From the line containing "The earth is not" down to the line containing "And that's all", copy out the entries below exactly, both lines included, and nothing else; pictures do not belong in the copy.

Entries supplied:
——

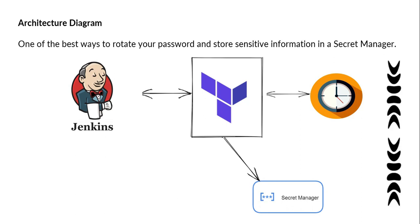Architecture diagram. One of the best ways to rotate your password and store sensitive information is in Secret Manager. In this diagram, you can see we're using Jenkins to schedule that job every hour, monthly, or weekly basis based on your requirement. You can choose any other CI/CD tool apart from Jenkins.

——

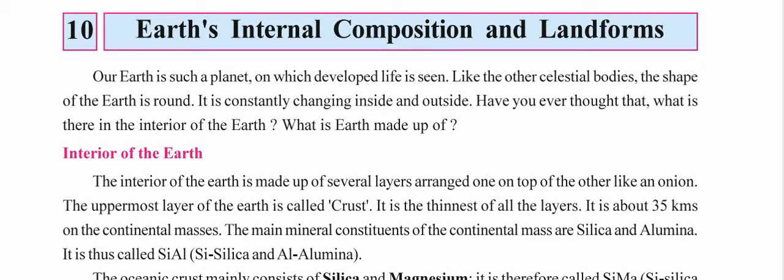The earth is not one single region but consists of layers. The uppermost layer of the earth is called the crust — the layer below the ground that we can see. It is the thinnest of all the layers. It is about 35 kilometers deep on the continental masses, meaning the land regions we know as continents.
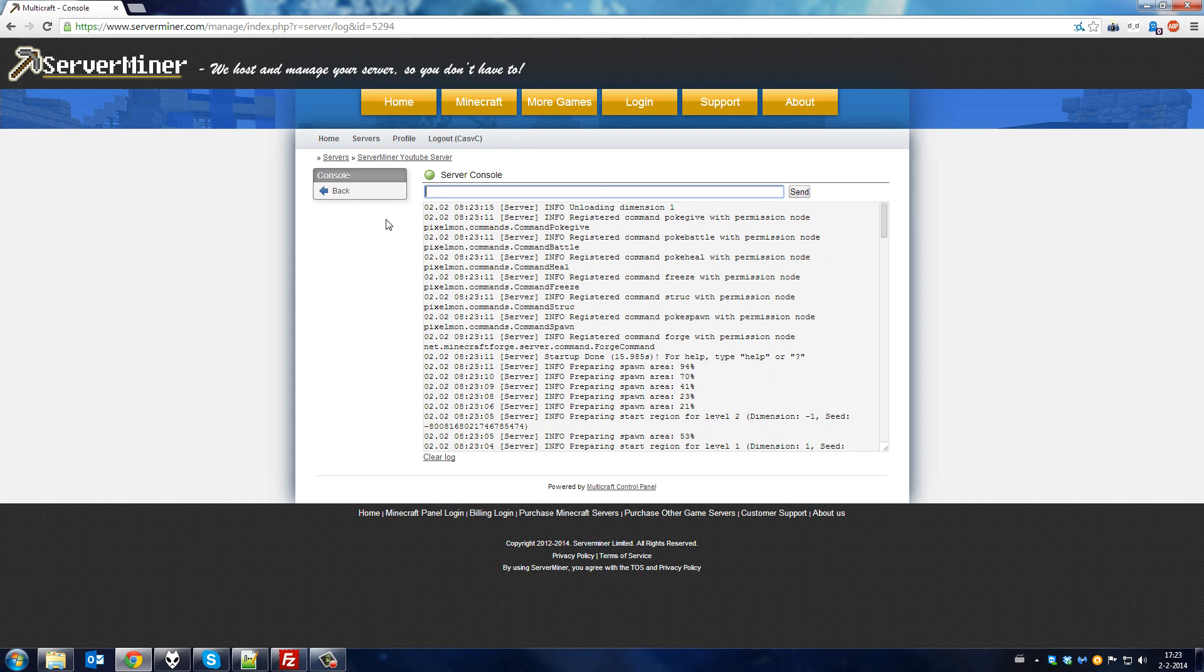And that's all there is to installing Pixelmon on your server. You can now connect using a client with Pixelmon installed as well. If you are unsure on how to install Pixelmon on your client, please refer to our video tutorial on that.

——

Expected output:
The earth is not one single region but consists of layers. The uppermost layer of the earth is called the crust — the layer below the ground that we can see. It is the thinnest of all the layers. It is about 35 kilometers deep on the continental masses, meaning the land regions we know as continents.
And that's all there is to installing Pixelmon on your server. You can now connect using a client with Pixelmon installed as well. If you are unsure on how to install Pixelmon on your client, please refer to our video tutorial on that.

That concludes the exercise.